Sie genießt diese Zärtlichkeit nur für einen kurzen Augenblick.
Nur für wenige Sekunden erlaubt sie sich seine Worte anzunehmen.
„Auch dich habe ich nicht verdient, Midan. Ich danke dir, dass du an meiner Seite bist", flüstert sie, ehe sie sich von ihm entfernt.
„Wir müssen weiter", murmelt sie und schlägt sich weiter durch den Wald.

Die beiden kommen am äußeren Stadtrand an und atmen erleichtert auf, als sie sehen, dass noch nichts geschehen ist. Keine feindlichen Gardesoldaten sind zu sehen. Stattdessen kann man einige Bürger des Reiches dabei beobachten, wie sie ihre wöchentlichen Einkäufe erledigen. Eliana kann sich das Ausmaß eines Angriffs nur vage vorstellen. Nur Bruchstückhaft sieht sie die Menschen dieser Stadt vor Angst davonlaufen. Sie hört entfernt die Schreie der Kinder.

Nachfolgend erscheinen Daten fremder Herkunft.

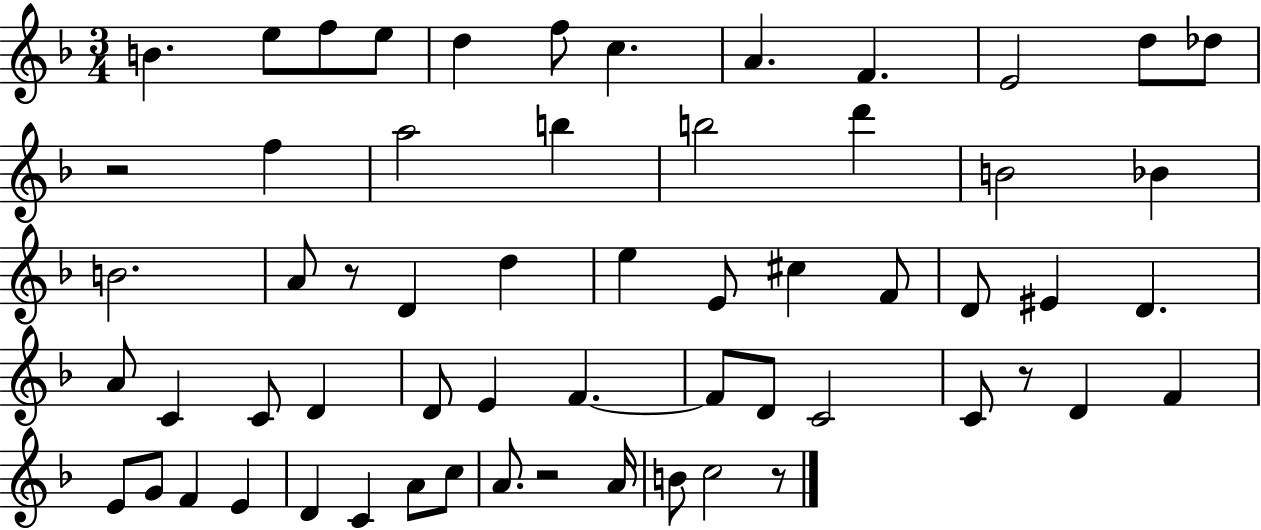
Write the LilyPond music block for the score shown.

{
  \clef treble
  \numericTimeSignature
  \time 3/4
  \key f \major
  b'4. e''8 f''8 e''8 | d''4 f''8 c''4. | a'4. f'4. | e'2 d''8 des''8 | \break r2 f''4 | a''2 b''4 | b''2 d'''4 | b'2 bes'4 | \break b'2. | a'8 r8 d'4 d''4 | e''4 e'8 cis''4 f'8 | d'8 eis'4 d'4. | \break a'8 c'4 c'8 d'4 | d'8 e'4 f'4.~~ | f'8 d'8 c'2 | c'8 r8 d'4 f'4 | \break e'8 g'8 f'4 e'4 | d'4 c'4 a'8 c''8 | a'8. r2 a'16 | b'8 c''2 r8 | \break \bar "|."
} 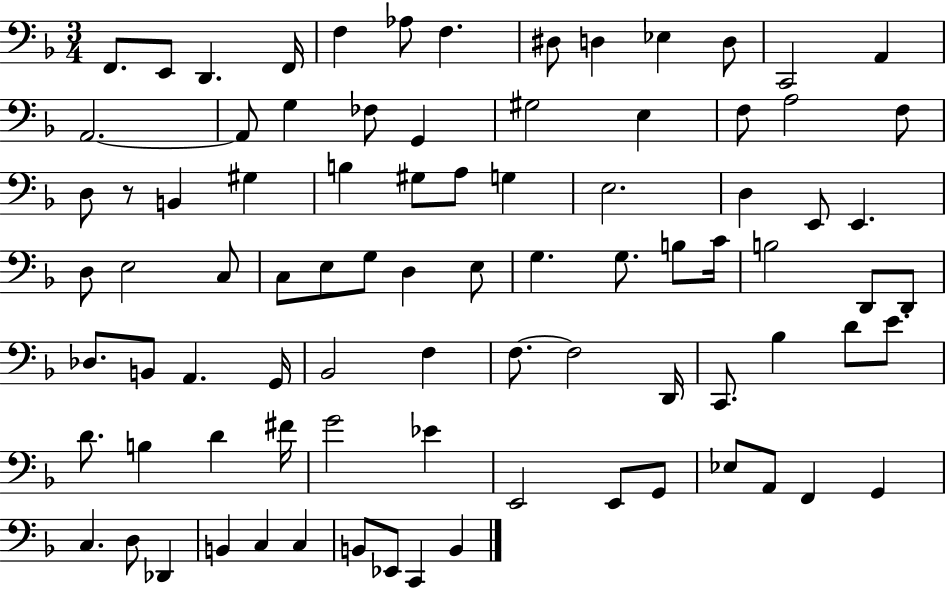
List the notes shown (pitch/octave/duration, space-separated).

F2/e. E2/e D2/q. F2/s F3/q Ab3/e F3/q. D#3/e D3/q Eb3/q D3/e C2/h A2/q A2/h. A2/e G3/q FES3/e G2/q G#3/h E3/q F3/e A3/h F3/e D3/e R/e B2/q G#3/q B3/q G#3/e A3/e G3/q E3/h. D3/q E2/e E2/q. D3/e E3/h C3/e C3/e E3/e G3/e D3/q E3/e G3/q. G3/e. B3/e C4/s B3/h D2/e D2/e Db3/e. B2/e A2/q. G2/s Bb2/h F3/q F3/e. F3/h D2/s C2/e. Bb3/q D4/e E4/e. D4/e. B3/q D4/q F#4/s G4/h Eb4/q E2/h E2/e G2/e Eb3/e A2/e F2/q G2/q C3/q. D3/e Db2/q B2/q C3/q C3/q B2/e Eb2/e C2/q B2/q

„Wir kommen noch rechtzeitig", spricht Midan Elianas Gedanken aus woraufhin diese hastig den Kopf schüttelt.
„Wir müssen uns beeilen. Der Stadtrat befindet sich im Rathaus. Wenn wir Glück haben kommen wir ohne Probleme ins Zentrum. Sobald wir General Sekurions Informationen weitergegeben haben kümmern wir uns um die Evakuierung", erklärt die Blondine und hechtet durch die Gassen.
„Gibt es denn einen Ort, der sicher ist?", hakt Midan nach und versucht mit ihr Schritt zu halten.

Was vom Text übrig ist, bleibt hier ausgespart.